Tunisie-Transition démocratique : Doit-on craindre un retour de manivelle?

 

ennahdha-troika-041012.jpgLes Américains et les Européens semblent conditionner leurs aides à la Tunisie à des avancées au niveau de la transition démocratique. Le gouvernement de la Troïka ne peut pas ne pas le saisir. Eu égard à des déclarations récentes. A lui de jouer au plus vite. Car, c’est maintenant sur les faits que les Américains et les Européens vont le juger. Place donc aux actes.

Est-ce un changement de ton? Comment interpréter, peut-être, autrement, de récentes déclarations de nos partenaires américain et européens qui ont jusqu’ici toujours réservé de belles paroles à l’endroit de notre pays?

Examinons, d’abord, cette déclaration de Mme Beth Jones, secrétaire d’Etat adjointe chargée du Moyen-Orient, faite lundi 1er octobre 2012, lors d’une visite à Tunis: «Les Etats-Unis qui œuvrent à la défense des Droits de l’Homme universels, ne soutiendront jamais une liberté d’expression fondée sur la violence».

Mme Jones a, également, fait état des discussions qui ont cours au Congrès américain ainsi que dans d’autres institutions américaines sur la possibilité de «geler» ou de «suspendre» les aides destinées aux pays où les ambassades américaines ont connu des attaques.
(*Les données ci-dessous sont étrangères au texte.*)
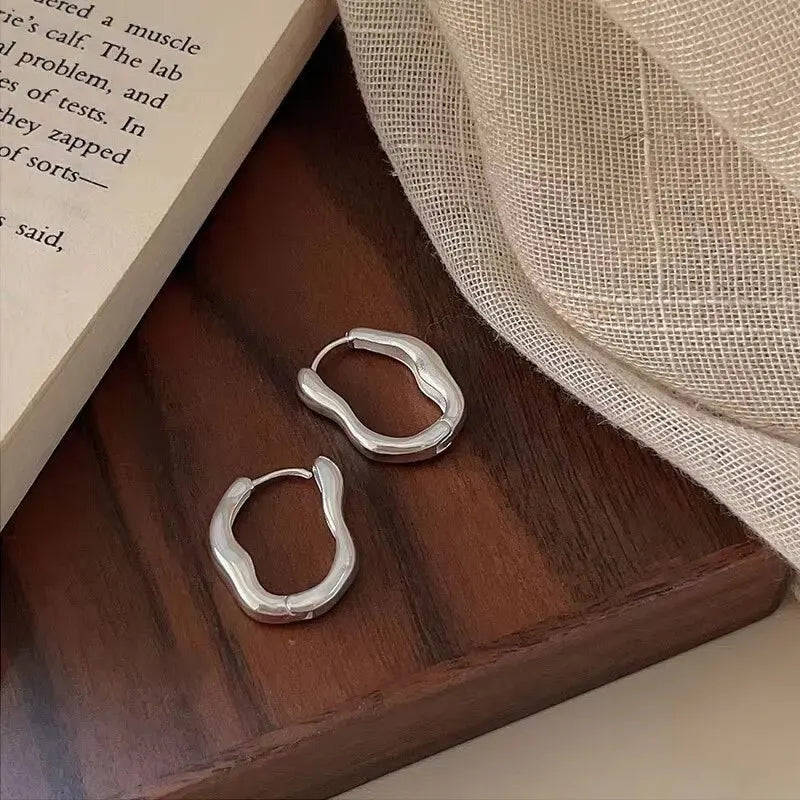 Metallic Loop oorbellen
Mardi 2 octobre, recevant le chef du gouvernement provisoire, Hamadi Jebali, Herman Van Rompuy, le président du Conseil européen (organe exécutif de l’Union européenne) lance cette phrase dans un communiqué relatant le contenu de l’audience: «Les assurances de la volonté des autorités tunisiennes de rendre irréversible la transformation démocratique du pays sont des clés pour pouvoir continuer à approfondir notre coopération».

Des «préalables»

S’ils ont l’une et l’autre souligné leur volonté de pouvoir apporter un soutien financier à la Tunisie, ils n’ont pas manqué, semble-t-il, d’ajouter quelques «préalables». Pour la secrétaire d’Etat adjointe américaine: le respect des Droits de l’Homme et l’arrestation et le jugement des personnes qui ont attaqué, le 14 septembre 2012, les locaux de l’ambassade américaine aux Berges du Lac.

Et pour le président du Conseil européen: le respect du processus démocratique en Tunisie (avancées de la nouvelle Constitution et des réformes législatives, la préparation des futures élections, qui suivront l’approbation du texte constitutionnel).

Inutile de préciser que ce qui a été dit en dehors des rendez-vous médiatiques est beaucoup plus clair et précis. Mme Jones n’a pas manqué d’ailleurs de souligner qu’elle est mandatée en haut lieu (par la secrétaire d’Etat, Mme Hilary Clinton) et qu’elle est venue s’entretenir avec «un gouvernement provisoire» dans un pays «en transition démocratique».

Une manière sans doute de rappeler que le gouvernement Jebali avait des priorités qui sont ceux de poursuivre les efforts accomplis pour assurer la réussite de la transition démocratique et non pas de s’adonner à un exercice normal du pouvoir comme le fait le plus normalement un gouvernement élu pour une législature normale (de 4 ou 5 ans). On peut imaginer ce qui pouvait être dit dans les différentes rencontres de Mme Jones avec ses interlocuteurs tunisiens.

Une accélération du processus démocratique souhaitée

Et c’est là où réside peut-être la clé des attentes des responsables américains et européens concernant de la nature des actions que se doit de mener le gouvernement Jebali.

Les récentes déclarations semblent avoir levé assez de voiles pour que l’on puisse le deviner. Une accélération du processus démocratique est largement souhaitée.

Le gouvernement de la Troïka ne peut pas ne pas l’avoir saisi. A lui de jouer au plus vite. Car, c’est maintenant sur les faits que les Américains et les Européens vont le juger. Place donc aux actes. Pour éviter un retour de la manivelle qui sera lourd en «conséquences» pour le pays. Et si les promesses des premiers jours s’envolaient, elles aussi!

Participant à une réunion des gouverneurs des Banques centrales arabes, à Koweït, Chedly Ayari, gouverneur de la Banque centrale de Tunisie (BCT), a déclaré à l’agence Reuters que les pays occidentaux n’ont pas mis à exécution les promesses qu’ils ont faites après l’avènement du Printemps arabe. Ce qui met les économies de ces derniers pays en danger, a-t-il ajouté.